Brown’s main criticisms of current eye tracking research are: 1) eye tracking studies neglect “marginal” viewers or marginal ways of watching movies; 2) studies so far have neglected “marginal” films; 3) they only provide “truisms”, i.e., already known facts; and 4) they have an implicit political agenda to argue that the only “true” way to study film is a scientific approach and the “best” way to make a film is to ensure homogeneity of viewer experience. I will address these criticisms in turn but before I do so I would like to state that a lot of Brown’s arguments could generally be recast as an argument against science in general and are built upon a misunderstanding of how scientific studies should be conducted and what they mean.
To respond to Brown’s first criticism that eye tracking “has up until now been limited somewhat by its emphasis on statistical significance – or, put simply, by its emphasis on telling us what most viewers look at when they watch films” (Brown, this issue; 1), I first have to subdivide the criticism into ‘the search for significance’ and ‘attentional synchrony’, i.e., how similar gaze is across viewers (Smith and Mital, 2013). Brown tells an anecdote about a Dutch film scholar who’s data had to be excluded from an eye tracking study because they did not look where the experimenter wanted them to look. I wholeheartedly agree with Brown that this sounds like a bad study as data should never be excluded for subjective reasons such as not supporting the hypothesis, i.e., looking as predicted. However, exclusion due to statistical reasons is valid if the research question being tested relates to how representative the behaviour of a small set of participants (known as the sample) are to the overall population. To explain when such a decision is valid and to respond to Brown’s criticism about only ‘searching for significance’ I will first need to provide a brief overview of how empirical eye tracking studies are designed and why significance testing is important.

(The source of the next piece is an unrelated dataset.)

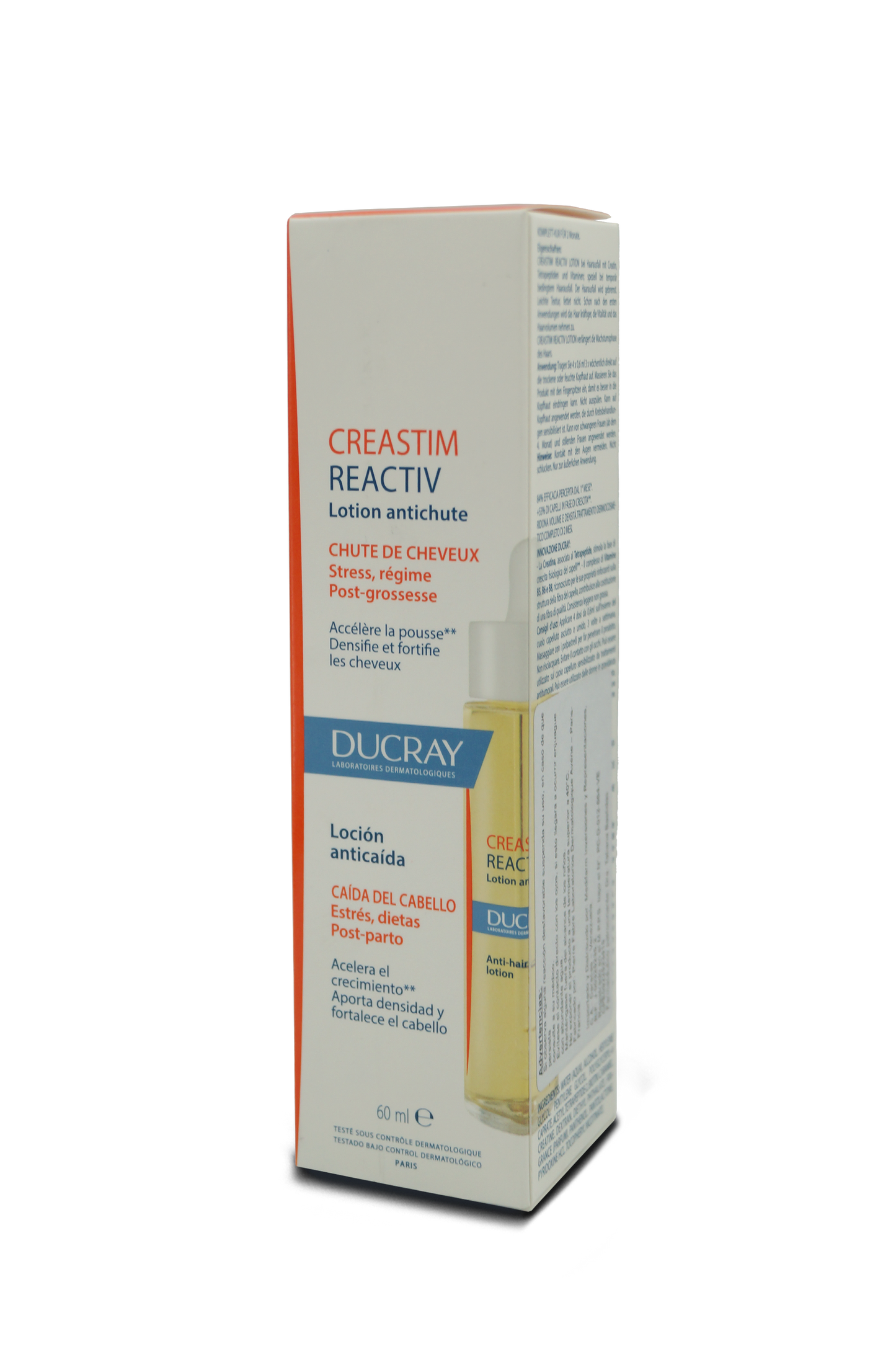 Ducray creastim loción anticaida 60mL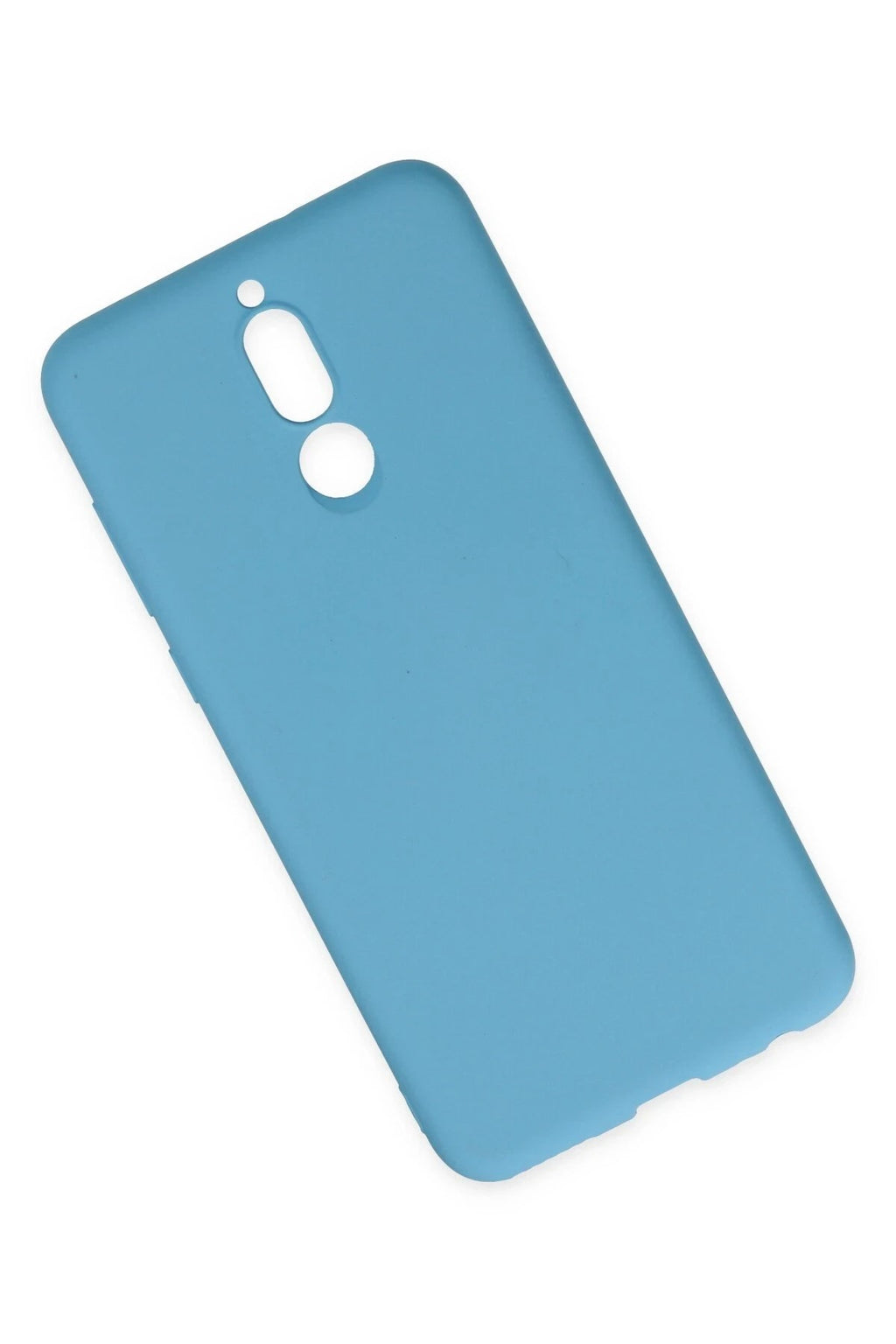 Mey İthalat® Huawei Mate 10 Lite Kılıf Nano içi Kadife Silikon - Mavi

For example, if we were interested in the impact sound had on the probability of fixating an actor’s mouth (e.g., Robinson, Stadler and Rassell, this issue) we would need to compare the gaze behaviour of a sample of participants who watch a sequence with the sound turned on to a sample who watched it with the sound turned off. By comparing the behaviour between these two groups using inferential statistics we are testing the likelihood that these two viewing conditions would differ in a population of all viewers given the variation within and between these two groups. In actual fact we do this by performing the opposite test: testing the probability that that the two groups belong to a single statistically indistinguishable group. This is known as the null hypothesis. By showing that there is less than a 5% chance that the null hypothesis is true we can conclude that there is a statistically significant chance that another sample of participants presented with the same two viewing conditions would show similar differences in viewing behaviour.

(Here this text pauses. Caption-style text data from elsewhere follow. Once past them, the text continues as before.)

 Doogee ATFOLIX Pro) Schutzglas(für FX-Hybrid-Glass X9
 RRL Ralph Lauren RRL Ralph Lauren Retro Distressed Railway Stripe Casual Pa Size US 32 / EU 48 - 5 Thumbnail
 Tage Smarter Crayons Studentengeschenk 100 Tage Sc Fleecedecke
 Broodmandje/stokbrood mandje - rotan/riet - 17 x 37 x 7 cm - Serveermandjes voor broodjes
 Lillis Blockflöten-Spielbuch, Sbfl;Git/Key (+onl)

In order to test whether our two viewing conditions belong to one or two distributions we need to be able to express this distribution. This is typically done by identifying the mean score for each participant on the dependent variable of interest, in this case the probability of fixating a dynamic mouth AOI then calculating the mean for this measure across all participants within a group and their variation in scores (known as the standard deviation). Most natural measures produce a distribution of scores looking somewhat like a bell curve (known as the normal distribution) with most observations near the centre of the distribution and an ever decreasing number of observations as you move away from this central score. Each observation (in our case, participants) can be expressed relative to this distribution by subtracting the mean of the distribution from its score and dividing by the standard deviation. This converts a raw score into a normalized or z-score. Roughly ninety-five percent of all observations will fall within two standard deviations of the mean for normally distributed data. This means that observations with a z-score greater than two are highly unrepresentative of that distribution and may be considered outliers.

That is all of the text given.